En procédant ainsi, sans qu’il ressorte des énonciations du procès-verbal des débats que, pour permettre à l’accusé ou à son avocat de faire valoir toutes observations utiles à la défense, le président ait prévenu les parties, avant les plaidoiries et réquisitions, qu’il envisageait de poser, comme résultant des débats, lesdites questions spéciales, celui-ci a méconnu les textes et les principes susvisés.
La cassation est par conséquent encourue de ce chef ».
Cass. crim., 11 mars 2020, n° 19-80.366, P+B+I *
 
Permis de communiquer – délivrance
« Le 20 novembre 2019, M. X., mis en examen par le juge d’instruction de Versailles des chefs précités, a comparu devant le juge des libertés et de la détention en vue de son placement en détention provisoire et a sollicité un délai pour préparer sa défense, de sorte que l’examen de l’affaire a été renvoyé au 22 novembre suivant, à 11 heures, avec incarcération provisoire de l’intéressé.

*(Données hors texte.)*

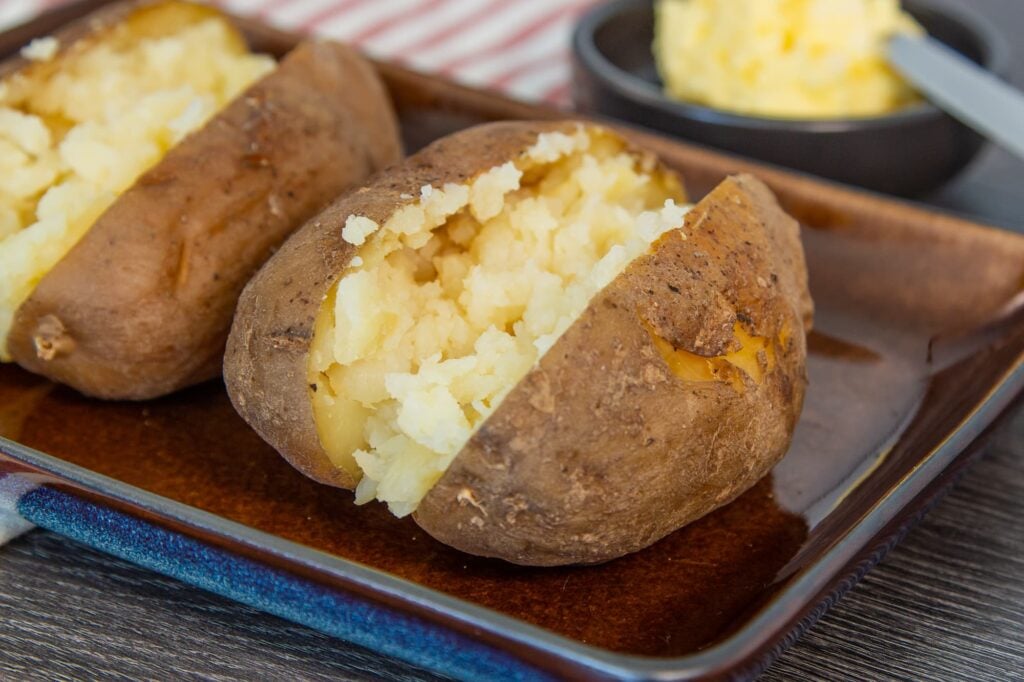 Image of jacket potatoes cooked in the slow cooker. The skins are crispy and the centre of the potato is fluffy and white.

Par deux télécopies en date des 20 novembre 2019 à 21 heures 05 et 21 novembre à 17 heures 17, son avocat choisi, Maître K., inscrit au barreau de Versailles, a sollicité la délivrance d’un permis de communiquer en précisant que ne pouvant se présenter en personne au cabinet du magistrat instructeur, il souhaitait que la copie de celui-ci lui soit adressée par télécopie ou par courriel.

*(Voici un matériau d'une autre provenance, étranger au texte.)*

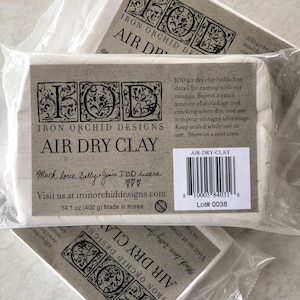 May include: A package of Iron Orchid Designs air dry clay, 14.1 oz (400 g), made in Korea. The package is white with black text and a barcode. The text on the package reads "IOD air dry clay holds fine detail for casting with our moulds. Expect a small amount of shrinkage and cracking when dry, and use it to your vintagey advantage. Keep sealed while not in use. Store in a cool area."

Le 22 novembre 2019, le conseil de M.X. a informé le juge des libertés et de la détention qu’aucun permis de communiquer ne lui ayant été délivré, il ne se présenterait pas au débat contradictoire différé.

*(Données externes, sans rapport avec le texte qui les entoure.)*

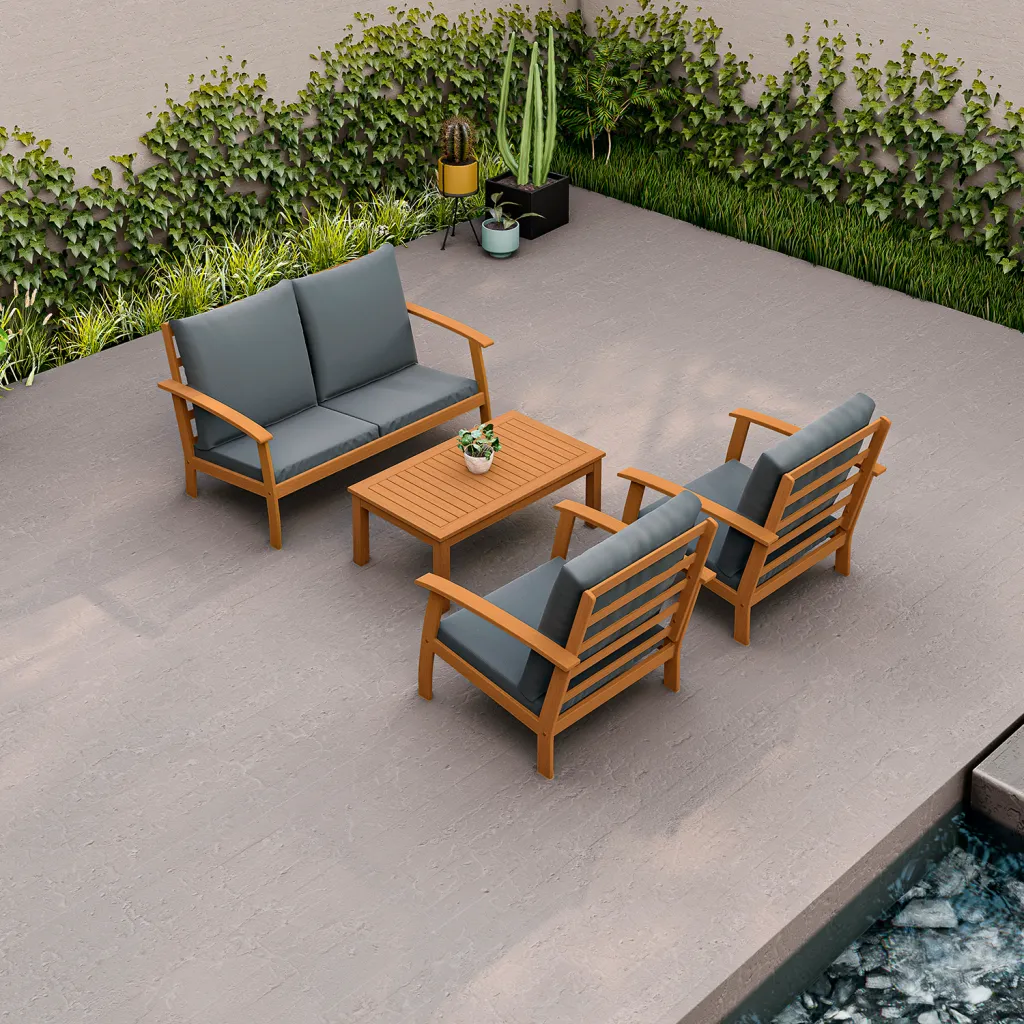Patio furniture set with blue cushions and wooden frame on patio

Le même jour, est intervenu, en l’absence de Maître K., le débat contradictoire différé à l’issue duquel la personne mise en examen a été placée en détention provisoire.
 
Pour rejeter la demande de nullité de l’ordonnance de placement en détention provisoire de M. X., prise de l’absence de délivrance d’un permis de communiquer, l’arrêt attaqué énonce que le juge d’instruction a délivré celui-ci le 21 novembre 2019, comme en attestent la capture d’écran « cassiopée » et la copie certifiée conforme de celui-ci.
Les juges relèvent que le Code de procédure pénale dispose que le permis doit être délivré et non remis au conseil, à qui il appartient de faire diligence pour en prendre possession et, qu’en l’espèce, le conseil ne fait état d’aucune circonstance insurmontable qui l’aurait empêché de se rendre au cabinet du juge d’instruction pour récupérer ce permis alors que son cabinet est situé dans la même ville que le siège du tribunal de grande instance.
Ils ajoutent qu’il n’est pas plus allégué par le conseil qu’il se soit enquis auprès du cabinet du juge d’instruction des modalités de délivrance dudit permis, quérable et non portable.
Ils relèvent enfin que le conseil n’a pas sollicité de reporter le débat sur la détention qui pouvait être organisé jusqu’au 25 novembre 2019.
En l’état de ces énonciations, et dès lors que le permis de communiquer, sollicité le 20 novembre 2019, à 21 heures 05, a été délivré par le juge d’instruction dès le 21 novembre 2019, la chambre de l’instruction n’a méconnu aucun des textes visés au moyen.
En effet, il appartenait au conseil du prévenu, s’il estimait n’être pas en mesure d’effectuer les démarches nécessaires pour retirer le permis de communiquer et s’entretenir, en temps utile, avec son client avant la tenue du débat contradictoire différé, de solliciter un report de celui-ci, qui pouvait intervenir jusqu’au 25 novembre 2019.
Le moyen ne peut dès lors être accueilli ».
Cass. crim., 10 mars 2020, n° 19-87.757, P+B+I *
 
*Le lien vers la référence documentaire sera actif à partir du 17 avril 2020.